Margery travels to Sheen just before Lammas Day, where she experiences high contemplation and weeping in the church. A youth, moved by her behavior, asks her why she weeps and tells her of his intention to become a monk. She explains that sorrow for her sins and God’s grace engender her sobbing. Her answer impresses the young man, who befriends Margery. She later attends Mass on Lammas Day, “the principal day of pardon” (250), where she meets the hermit who escorted Margery and her daughter-in-law to Ipswich. He scorns her because she traveled abroad without her confessor’s approval and warns her that she “will find but little friendship when [she] get[s] home” (251). Nevertheless, the hermit agrees to escort her home, where Master Robert reprimands her but the two remain on good terms, thanks to God’s grace.
The second book’s chapters contain a chronological narrative of experiences from Margery’s later years and returns to themes prominent in the first book, especially The Importance of the Christian Pilgrimage. Pilgrimage appears again as a source of suffering for Margery and a vehicle for drawing her closer to God. Readers again encounter the dangers pilgrimages posed, especially for women. The text’s description of her difficult journey to Prussia, and subsequent pilgrimages to sites like Aachen, parallels the earlier account of her trip to Jerusalem and Rome. She faces abandonment, cruelty, and threats during both journeys. The latter is especially difficult for Margery because of her age and feeble body.
Nevertheless, despite all the hazards and difficulties, her contemplations sustain her and the perilous journey strengthens her faith. For example, the man who invites her to travel on pilgrimage to visit the “Holy Blood of Wilsnack” refuses to walk at her slower pace, fearing brigands, and becomes impatient with her. He eventually abandons her despite having promised to guide her to the northern coast so that she can board a ship to return to England. In spite of these setbacks, Margery always manages to find her way to her destinations safely, which the text presents as proof of God’s favor in consistently offering her protection.

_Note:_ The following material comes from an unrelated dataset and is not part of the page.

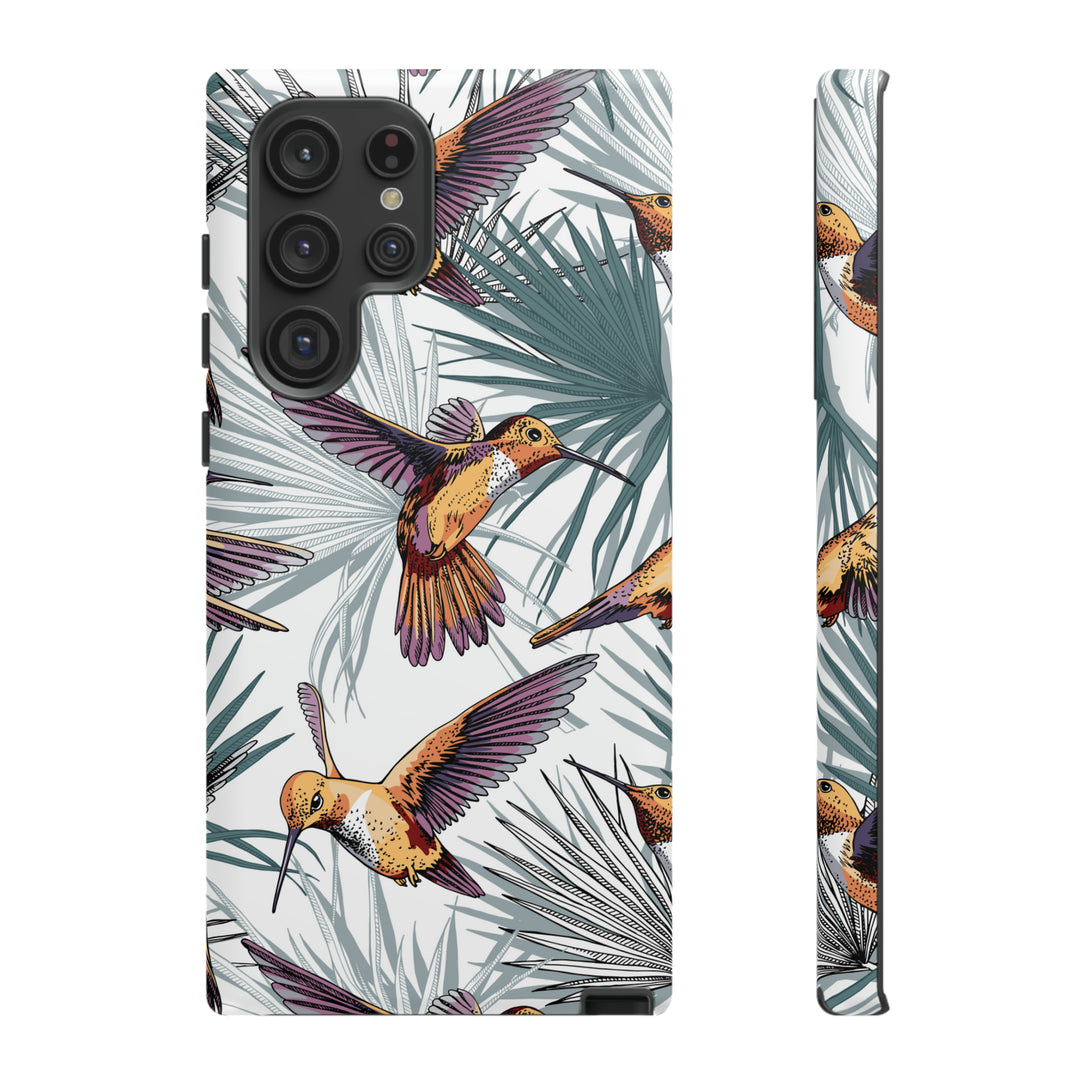 Hummingbird Case - Ezra's Clothing - Tough Case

Margery must depend on other pilgrims and travelers for companionship, but meets many unsavory characters along the way, including a group of presumably lecherous clerics. She frequently fears the threat of rape and violation of her vow of chastity, once more reflecting the theme of Femininity and Mysticism, as Margery’s journeys always contain a uniquely feminine dimension in both her experience of her faith and in the various hazards she must navigate. This threat mirrors threats to women’s chastity that often appear in early Christian and medieval saints’ biographies. For example, the Anglo-Norman bishop, Ranulf Flambard, threated the chastity of the 11th-century English recluse, Christina of Markyate. Moreover, when Christina refused to wed, her parents attempted to have her raped to violate her vow and force her into marriage. Similarly, early Christian women martyrs, like St. Agnes of Rome, were threatened with rape as punishment for refusing to reject their faith. Margery’s own fears thus reflect both the real-life dangers she must risk while also further aligning her experiences with those of other female mystics and saints, thereby bolstering her own image of sanctity.
Margery’s story, like the lives of the other women saints, ends as one of triumph, for she endures the hardships God sends with humility, arrives home safely by God’s grace, and knows that her reward comes in the afterlife.